McGovern laughs when asked if he sees a little of Clough in all this, as if to say that man was simply incomparable, but he certainly sees a thread back to the past. ‘The way the crowd sang Steve’s name at the last match against Arsenal took me back,’ he says. ‘It was an echo of how they felt for Brian Clough.’
Many managers would not want a legend of their club’s glorious past observing their work from close quarters and McGovern is acutely conscious of not being one of those ex-players who ‘poke their noses in,’ as he puts it.
But Cooper will occasionally seek his thoughts, along with those of Garry Birtles, Paul Hart and Ian Storey-Moore, who have all watched training this season. Managers with the class to embrace the past generally have the modesty to know that they are not bigger than it.
That’s certainly the case with Cooper – and it goes some way to explaining his cult status in Nottingham. Those who know nothing of Nottingham Forest were oblivious to this bond during some very dark days last autumn when the Sky Sports Fantasy Football show was mocking Cooper’s appearance and he seemed to be dust.
At the training ground, there was a constancy about him even during a run of five successive defeats, early in the season, McGovern says. Cooper would head back out onto the training pitch and return to the coaching staple of making players better.
McGovern said the way fans sang Cooper’s name was similar to what they did for Brian Clough
When the club was struggling, Cooper made players – like striker Taiwo Awoniyi – better
Morgan Gibbs-White (right) has been a relevation and is arguably their best player of the year
Many of the 29 players who arrived at Forest in the mayhem of last summer have improved – in particular the forward Taiwo Awoniyi, who was raw and needed coaching after arriving from Union Berlin.
There is a pattern here. Cooper made players better when he led the England Under-17s to the 2017 World Cup. And when he took over at Swansea, where the club’s American owners were reluctant to invest and it fell to him to find younger, cheaper talent.
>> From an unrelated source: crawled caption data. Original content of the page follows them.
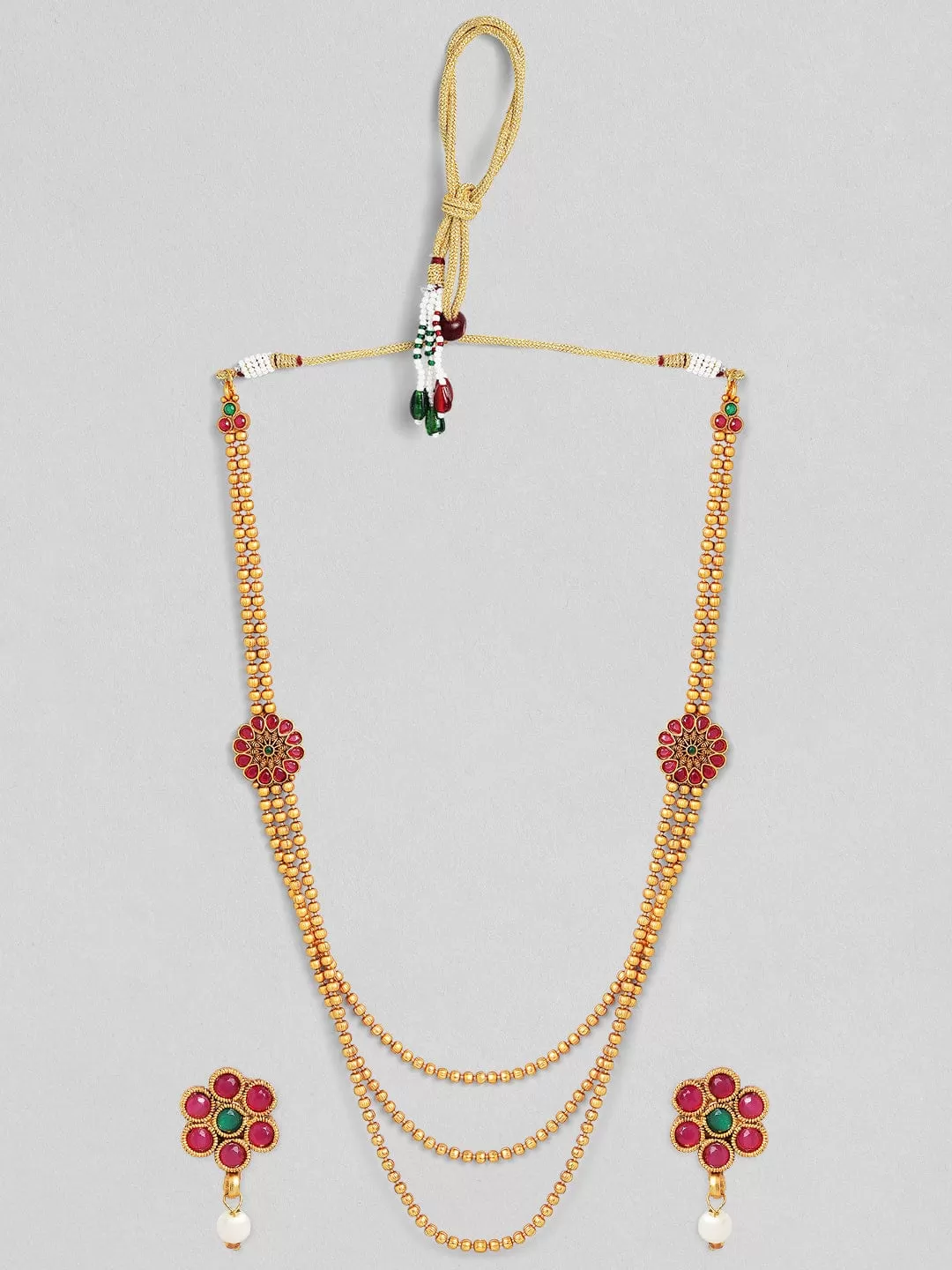 Rubans Traditional Gold Plated Layered Necklace Set With Ruby Stoned Earrings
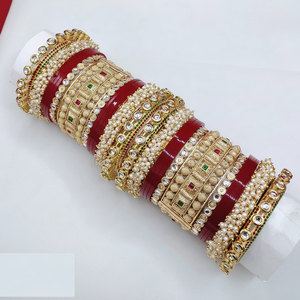 Elegant Kundan Stone & Pearl Acrylic Bangles Set Designer Fine Jewelry Premium Bridal Collection - Product Image 2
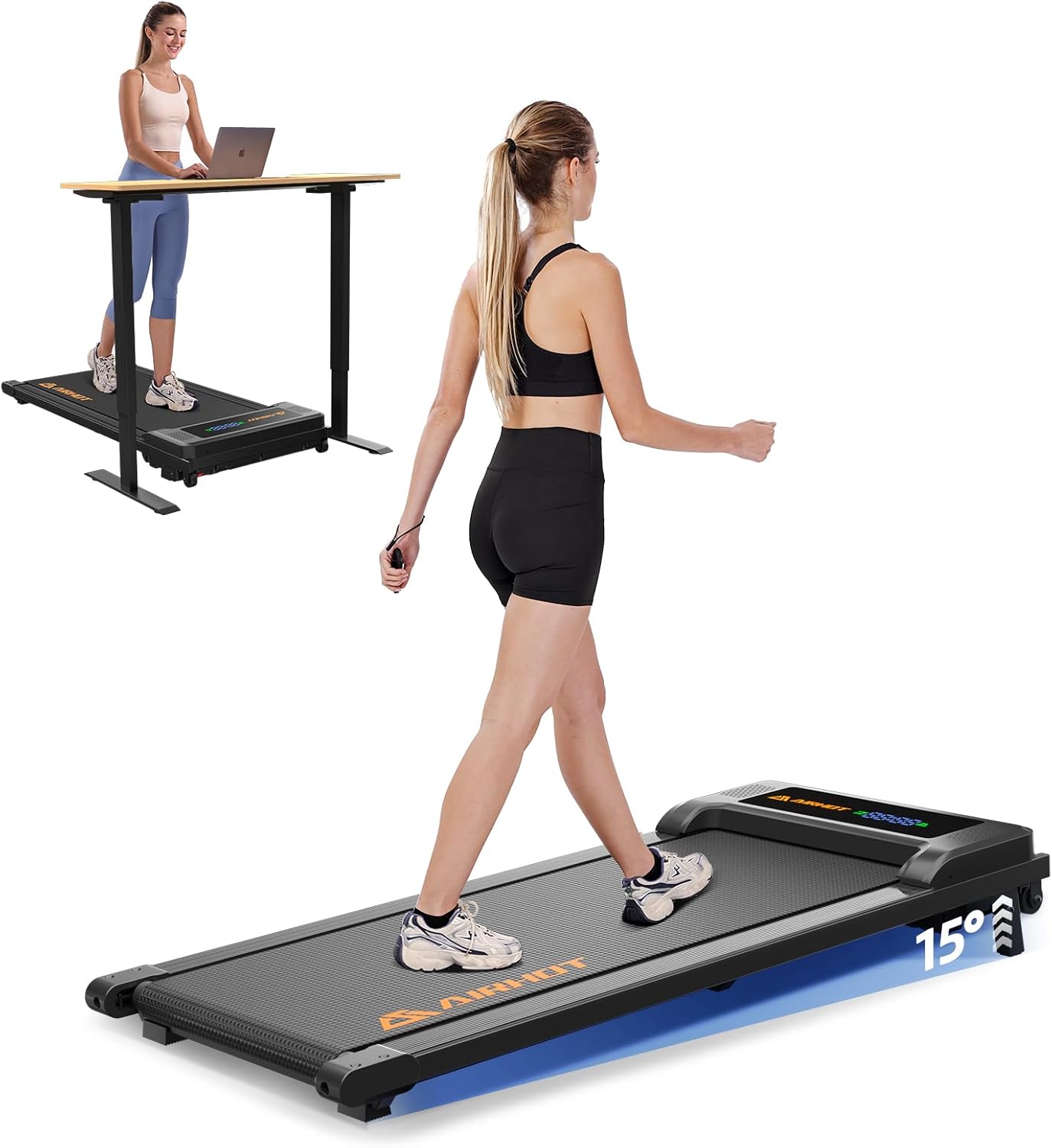 Walking Pad Treadmill, 2.5HP Under Desk Treadmill with Remote Control & LED Disp...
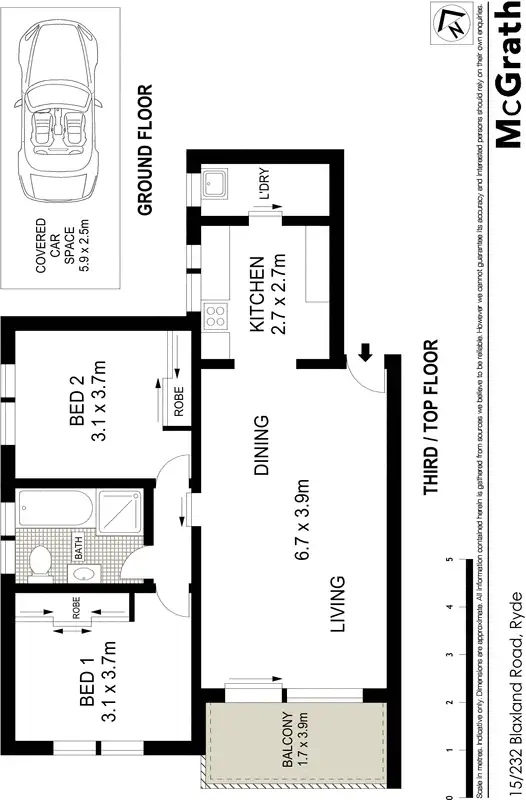Floorplan of Homely apartment listing, 15/232 Blaxland Road, Ryde NSW 2112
Many of his England winners joined him in South Wales, including Morgan Gibbs-White, who has been a revelation at Forest and arguably their player of the year.
Gibbs-White has created 63 goal-scoring chances this season, more than Jack Grealish, Mo Salah and Gabriel Martinelli. He is being closely observed by Gareth Southgate. And the FA are closely observing Cooper, whom they view as one of their own. Do not be surprised if he ultimately succeeds Southgate.
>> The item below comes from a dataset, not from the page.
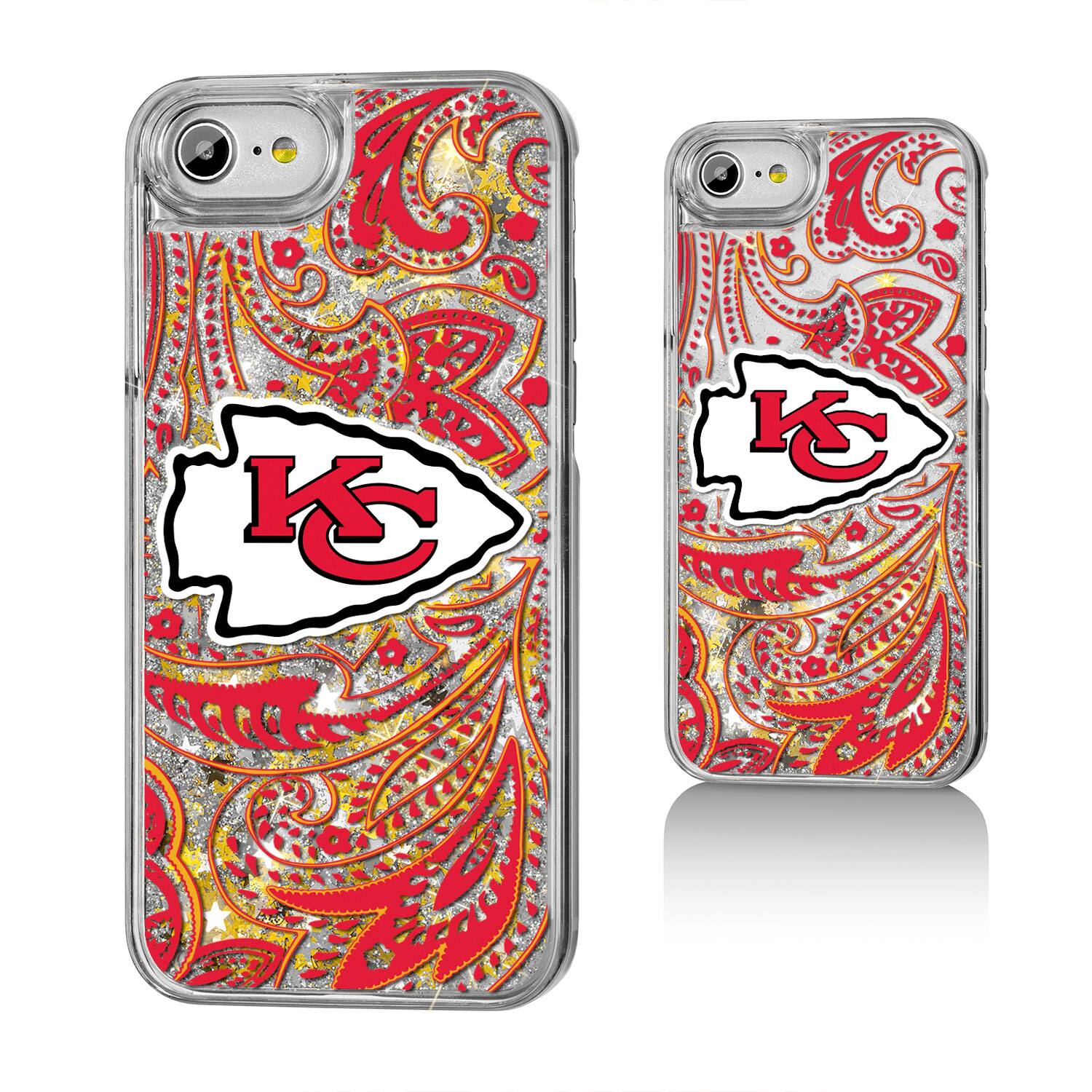 Alt View 3. Keyscaper - Kansas City Chiefs iPhone Paisley Design Glitter Case - 16 - Multicolor.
There are no guarantees, of course. It is a measure of football’s brutal powers of destruction that Cooper’s prior achievements counted for nothing at his point of gravest jeopardy this season.
Forest owner Evangelos Marinakis proved the exception to the rule by not sacking him – in part, because he could not find a better alternative; in part, because Cooper so obviously carried the supporters with him. They even sang his name after those five defeats.
The decision is one to celebrate, as we near the end of a season of crushing managerial insecurity, with those in the hot seat living in what observer has described as ‘a permanent state of impermanence.’
If Cooper is not quite the Premier League’s manager of the year then he is certainly the most underrated manager of the year: an individual who will have turned the light out most nights last winter, wondering if the following day would bring the roof down on his career.
The FA are observing Cooper – don’t be surprised if he eventually replaces Gareth Southgate
He did not complain about the pressure, or about the fact that he was being asked to cohere a team from one of the most rapidly assembled squads the Premier League has ever known.
‘He kept the laughter going,’ McGovern says, relating what he saw from the touchline. ‘There’d be a nutmeg and the players would be in pieces, taking the mickey. That told me that things were alright.’
McGovern will be back at the training ground at 11am on Thursday.
Cooper is not one for extensive reflections on his body of work but in his office, next to a number of portraits of Clough, hangs an image of Denzel Washington appended with a quote.
‘Ease is a greater threat to progress than hardship,’ it states.
Stockport victory testimony to the elation of sport
A friend sends me a clip of her granddaughter, who lives at Edgeley, a five-minute walk from Stockport County’s ground.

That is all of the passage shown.